++++ Material to process ++++

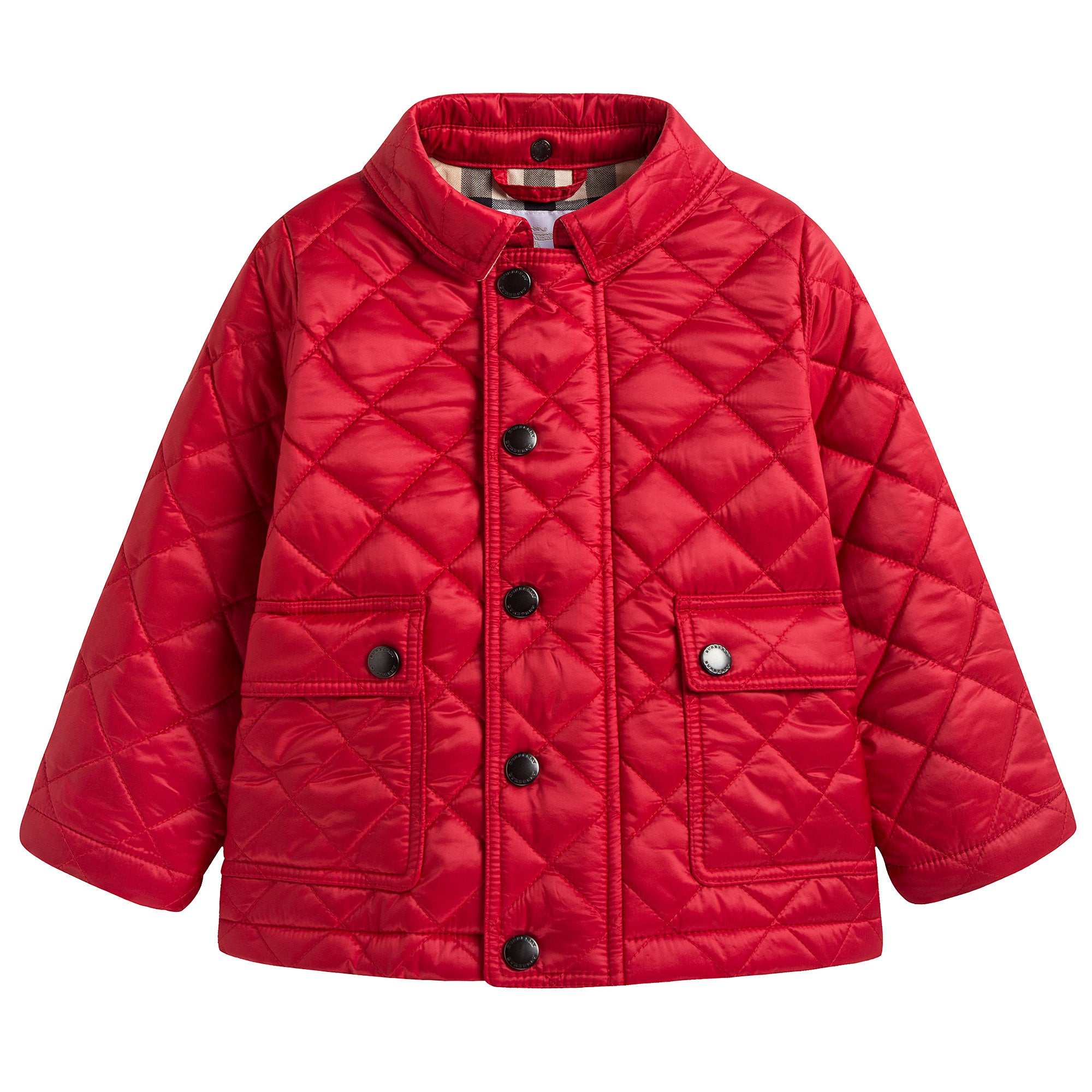 Baby Red Quilted Jacket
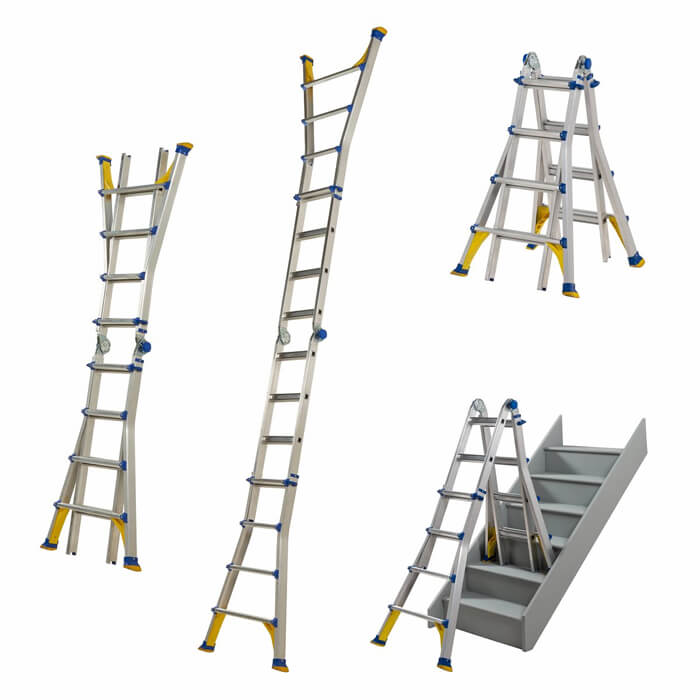 Werner 4 Way Telescopic Multi-Purpose ladder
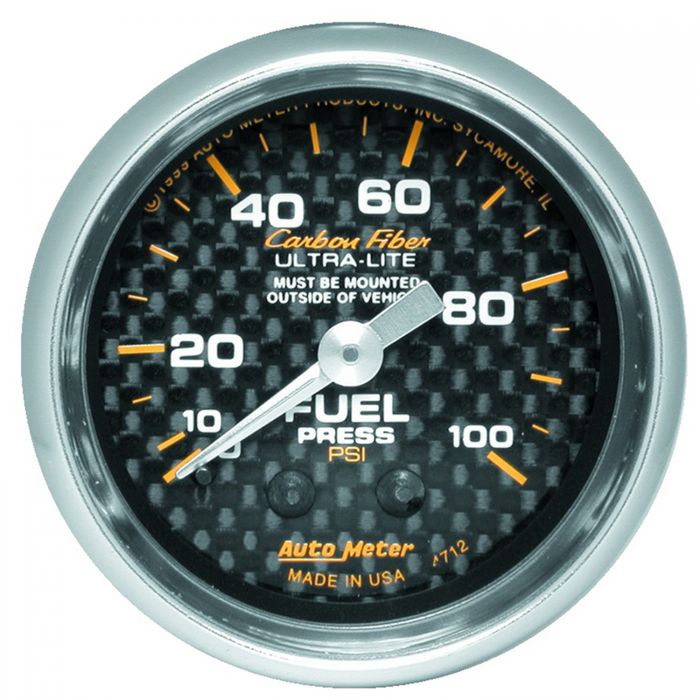 Autometer 2 1/16” Carbon Fiber Series Mechancial Gauge Collection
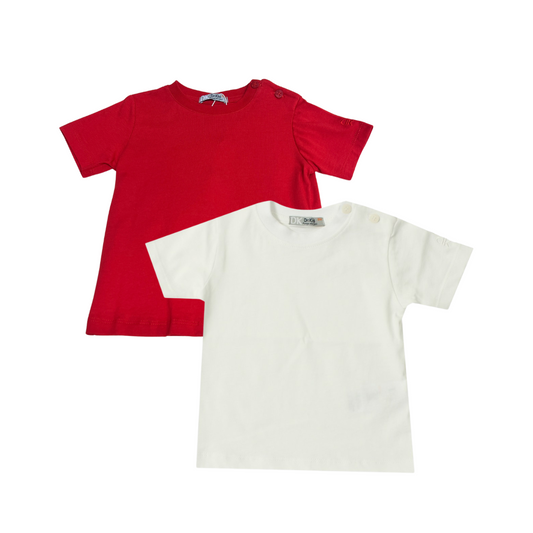 T-Shirt w Button Detail on Shoulder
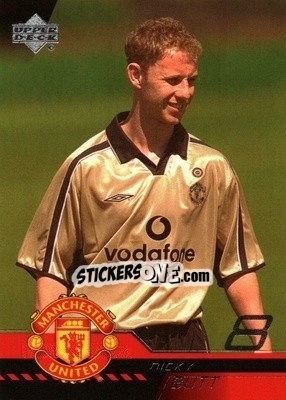 Sticker Nicky Butt - Manchester United 2001-2002 Trading Cards n. 42 - Upper Deck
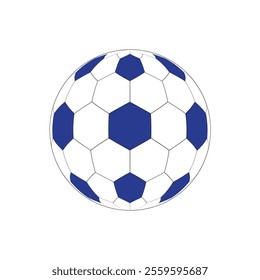 Blue Football Vector Design in Adobe Illustrator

++++

Task statement ▸
Excluding the pictures, restate word for word the lines from the one that holds "Werner 4 Way Telescopic Multi-Purpose ladder" through the last line of the entries, both ends included.

Result of this exercise ▸
 Werner 4 Way Telescopic Multi-Purpose ladder
 Autometer 2 1/16” Carbon Fiber Series Mechancial Gauge Collection
 T-Shirt w Button Detail on Shoulder
 Sticker Nicky Butt - Manchester United 2001-2002 Trading Cards n. 42 - Upper Deck
 Blue Football Vector Design in Adobe Illustrator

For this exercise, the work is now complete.